Friday, Feb. 01, 1963 Time Magazine
Under the Portuguese, Goa’s virtually duty-free status had ensured it a higher standard of living than neighboring India. Teachers and minor government officials, paid nearly three times as much as their counterparts across the border, could easily afford such imported luxuries as Belgian sausage and $2-a-bottle Scotch whisky. Field laborers carried transistor radios, and peasant women dabbed their ears with Chanel No. 5. A steady stream of ships carried high-grade Goan ore to Europe as well as Japan. “All you had to do to make money,” said one Goan trader, “was to type a few letters.”
But independence from Portugal brought Goa under the control of India’s austerity economy and stifling bureaucracy.

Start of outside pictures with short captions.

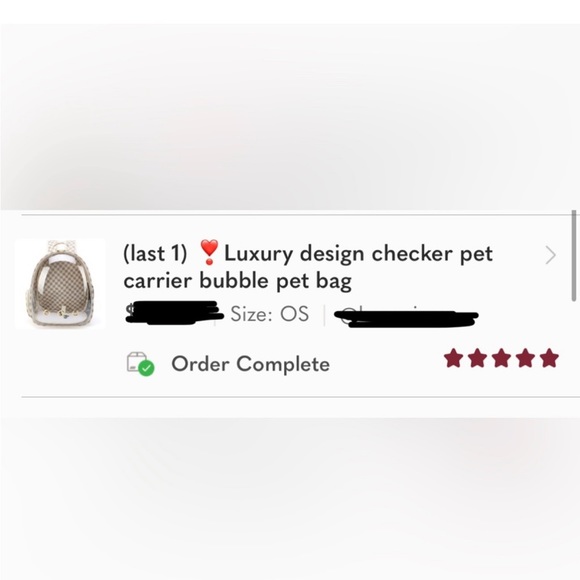 (Last 1)❣️Luxury design checker pet carrier bubble pet bag - Picture 2 of 10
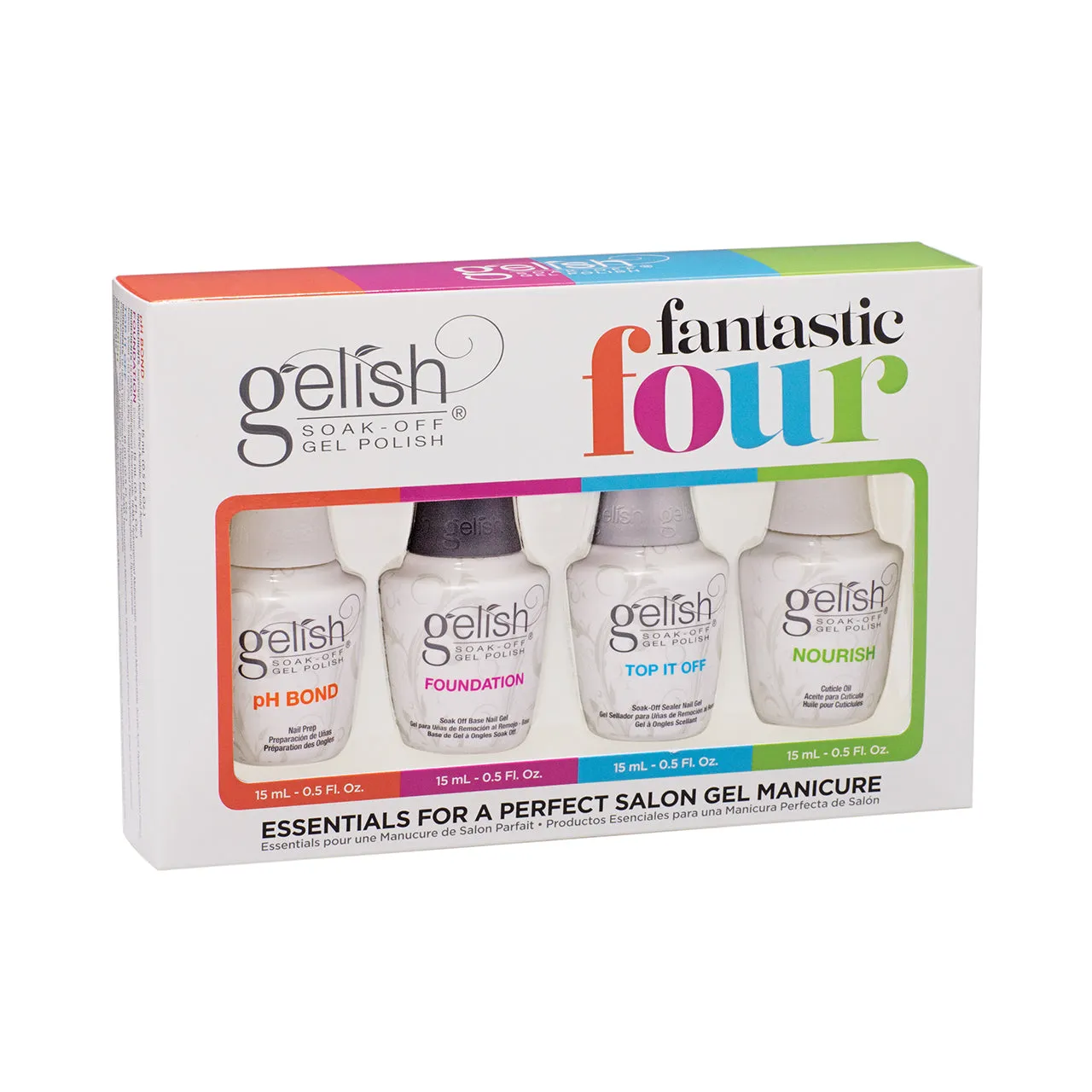 Gelish Soak-Off Gel Polish FANTASTIC FOUR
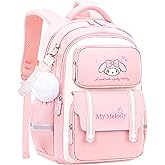 Many Rainbows My Melody Japanese Cartoon Character Backpack School Bag Travel Bag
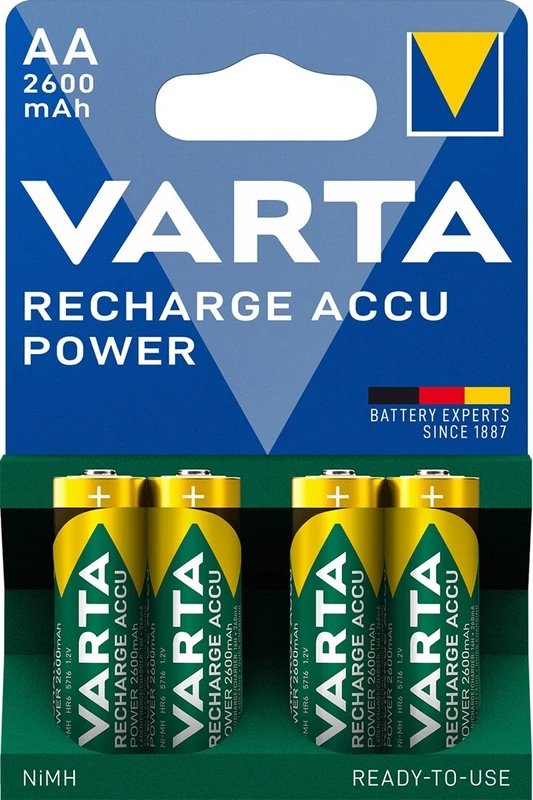 Varta аккумулятор AA 2600mAh 4-шт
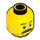 LEGO Yellow Police Officer Minifigure Head (Recessed Solid Stud) (3626 / 66114)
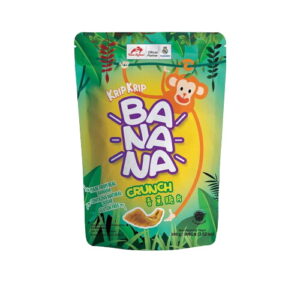 1719 Dua Kelinci Snack Krip Krip Banana Crunch 100g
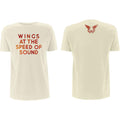 Paul McCartney Unisex T-Shirt: Wings at the Speed of Sound (Sand) (Back Print)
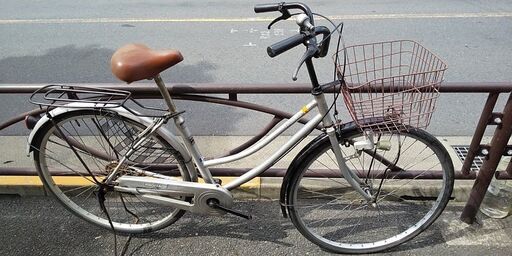 リユース/ユーズド自転車・27インチ・シルバー・お安め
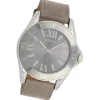 Oozoo Unisex Armbanduhr Vintage Series Analog Leder taupe hellbraun UOC5737A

About the same time, foreign demand for its iron ore slumped; production dropped from 1,000,000 tons in 1961 to 650,000 tons last year. Wage scales were adjusted downward to an Indian scale, but the cost of living climbed by 3%. Indian import restrictions abruptly cut off the flow of foreign goods, bankrupting many small merchants, and forcing Goans to pay more for Indian merchandise of a lesser quality.
Hesitant Indian officials referred even minor bureaucratic decisions to New Delhi, where they became lost in a labyrinth of red tape. It was over a year before local merchants were allowed to pick up goods imported and paid for before liberation, by which time much of the stuff had rotted away on the docks of Mormugão harbor. Though Portugal oppressively banned all political opposition, it did give Goa a considerable amount of local autonomy. Under New Delhi’s rule, Goa hoped at least to become a separate state. But the neighboring Indian states of Mysore and Maharashtra, covetous of Goa’s economic potential and of Mormugão harbor, which is one of the finest harbors on the subcontinent, have each begun a campaign to annex it.
All in all, morale is low. Grumbled one Goan bitterly: “Under the Portuguese we were considered a province. Under India, to our surprise, we find we are treated like a colony.”